Come April 2024, I was sadly proven right. After a sudden and steep decline in his mental and physical health, Dad passed away peacefully in his sleep on April Fool’s Day. My sister and I have both since joked that he would have gotten a real kick out of that, given our family’s propensity for dark humour. Dad would have thought it absolutely hilarious that we would be stuck with the unenviable task of calling everyone to inform them of his passing, only to have them briefly wonder if this was some kind of sick practical joke.
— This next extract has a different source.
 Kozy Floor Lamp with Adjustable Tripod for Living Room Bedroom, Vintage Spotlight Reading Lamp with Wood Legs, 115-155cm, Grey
It’s been almost two months since my Dad’s passing and it still doesn’t quite feel real. I regularly have to drive past both the care home and my former family home and it feels so weird that I will never step foot in either ever again. I frequently see news reports or online articles and think “I must tell Dad about that when I see him next” – only to remember that I won’t be seeing him.
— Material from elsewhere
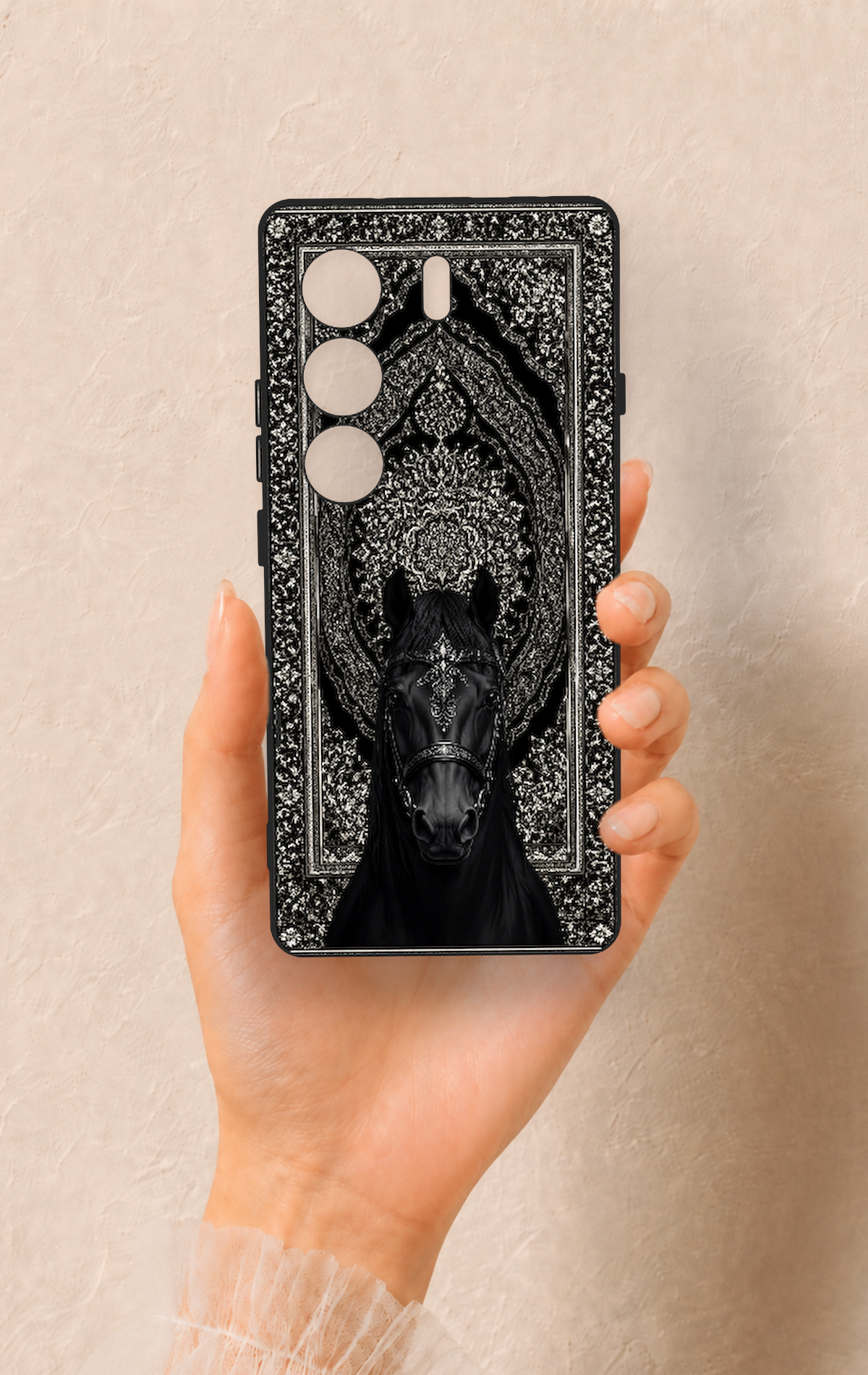 Tecno Camon 40 4G Uyumlu Etnik At Figürü Desenli Silikon Kılıf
But through my grief, I have found a strange clarity and focus I haven’t had for a long time. I found myself opening my laptop one day and reading through the multiple, unfinished writing projects I had been working on before I had fallen ill. And as I read, I started making little edits, adding words here and there. Before I knew it, I was writing again. A book that I had been trying to work on for over two years was finally coming together and, at time of writing this blog post, is about 90% complete. I still need to finish it, do some editing and polish it up – but it’s getting there.

So perhaps after a few years of horrible, soul crushing misery, there really is a light at the end of the tunnel. I’m might not be back to full capacity, but I’m on my way.

So that’s what’s been happening in my world. How have you been?